Eleven white guys in a room
I kinda missed the 25th anniversary of the ending of the Meech Lake constitutional amendment process last week. I was always of the Michael Bliss opinion. "It will be a disaster if it fails. And a disaster if it passes," was his take, shortly before it failed. But the failure we could get over, I thought, while we'd be stuck with the success forever.

Chantal Hébert, rather to my surprise, regrets the failure.  Andrew Coyne, in a column that may have been inspired by hers, charts some of what we would have been stuck with, including annual first ministers' meetings on the constitution and the economy. Constitutionally required. Forever.

I do remember the last day of the Meech Lake siege. That day I was in a long meeting with Janet Lunn.  We were planning The Story of Canada, and kinda hoping there would still be one when it appeared. Other than that, I was not very engaged.
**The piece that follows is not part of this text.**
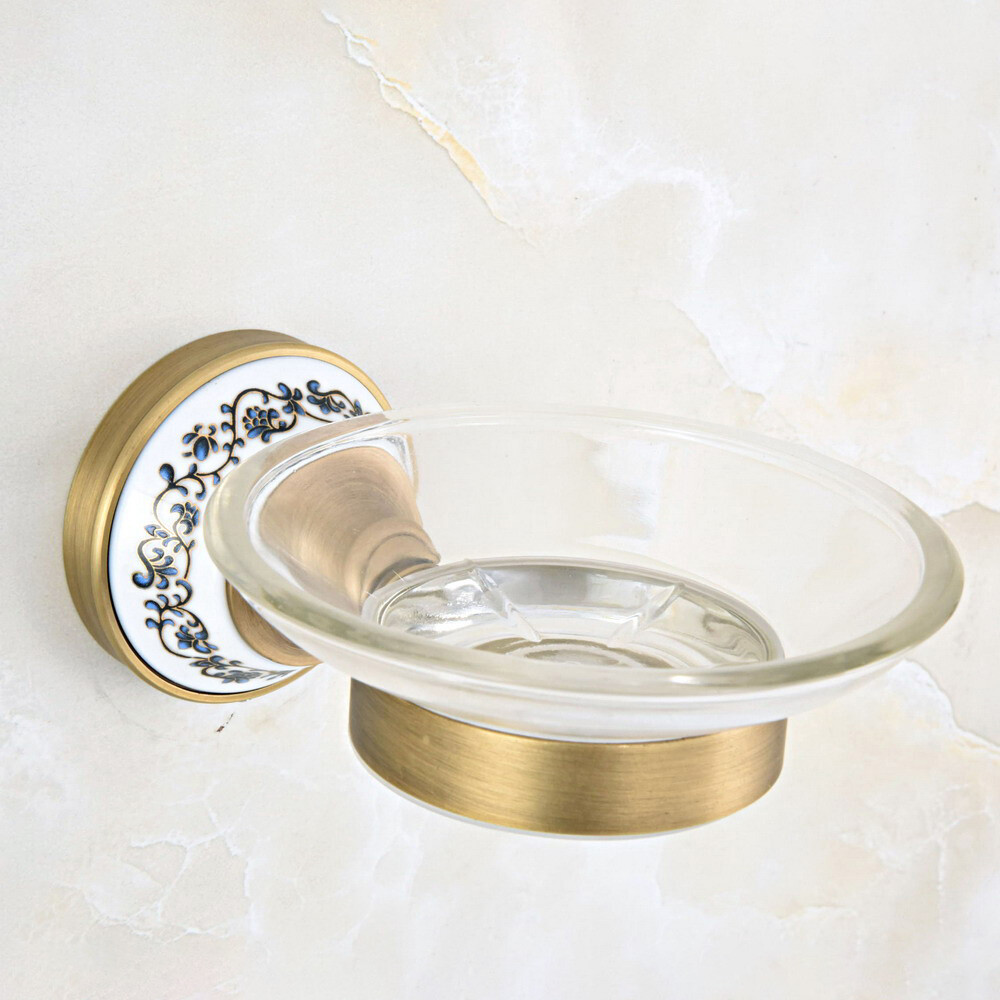 Antique Brass Ceramic Bathroom Accessories Set Bath Hardware Towel Bar szh134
When The Story of Canada did appear, the country was in the midst of the referendum on the Charlottetown Accord. I don't know if the national angst and anxiety that referendum produced is well remembered; I'm not much for putting things parliaments should handle to referendum, but that one certainly did command the national mood for a while.

It also did wonders for our book promotion. In the midst of all that national stewing, here we were with a big, bright, colourful, lively kids-and-families history of Canada that said, "Hey, there's some pretty great stories here."  Reviewers, interviewers, readers practically fell on our shoulders and wept in gratitude.
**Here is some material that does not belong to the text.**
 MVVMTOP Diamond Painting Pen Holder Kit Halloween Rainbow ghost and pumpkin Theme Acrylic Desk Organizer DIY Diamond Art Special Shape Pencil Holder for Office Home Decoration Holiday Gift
Those now-distant crises also started me, until then mostly a daily-life, ordinary-people, social-and-economic historian, thinking that maybe somebody ought to be looking at the historical origins of our constitutional conundrums.

Maybe I owe Brian Mulroney something.

Saturday, June 27, 2015

Three Weeks in Ottawa

Today Peter Robb of the Ottawa Citizen and I do an AMA on Three Weeks in Quebec City and constitutional history.  With some contemporary excursions, too:
Q. Do you think Macdonald, Brown, Tupper et al would like the Senate of today?
A. The Senate might not surprise them, but none of them cared much about it. It’s the Commons that would shock them. In their day, parliamentarians made and unmade governments, shaped policy, and held leaders closely to account. They even made constitutions, as at Quebec City. As party leaders, those three men might enjoy the untrammeled power today’s leaders wield. But as parliamentarians they would gape in amazement at how today’s MPs seem so disinclined to exercise the great powers and responsibilities they hold as the elected representatives of the people of Canada.

Friday, June 26, 2015

History of proportional representation: why it always loses UPDATED


Marie Bountrogianni... says reform would stand a better chance of gaining popular approval today. Bountrogianni, now dean of continuing education at Toronto's Ryerson University, says many more Canadians tend to go online for information now, which would make it easier to explain a new way of voting and to build support.... "So I think there would have to be an education process of some sort, and then a vote." (John Geddes, "Fixing the Vote," Maclean's, July 6/13 issue, p.21, not currently online, it seems)
I am regularly struck by how consistently supporters of proportional representation think and talk like this.  PR is not an issue to be debated, it's just something you have to educate the peons about. I don't doubt there are arguments for proportional representation, but its advocates generally lose the debate because they fail to hear or recognize that there are arguments against and issues to consider.

The most salient, I think, is that proportional representation is not proportional for us, it's proportional for the political parties.  Essentially we would give our votes to one or other of the parties, and they would appoint their representatives to the legislatures. In a political culture where the autocratic rule of parties over legislators is already becoming a crisis, the blindness of PR advocates to this issue is going to kill them again, while the Bountrogiannis are setting up their re-education camps ("You disagree with giving even more power to the parties? But let me explain it again, a bit louder.")

Update, June 29:  Writing about PR seems like clickbait: I rarely do, but it always attracts commentators.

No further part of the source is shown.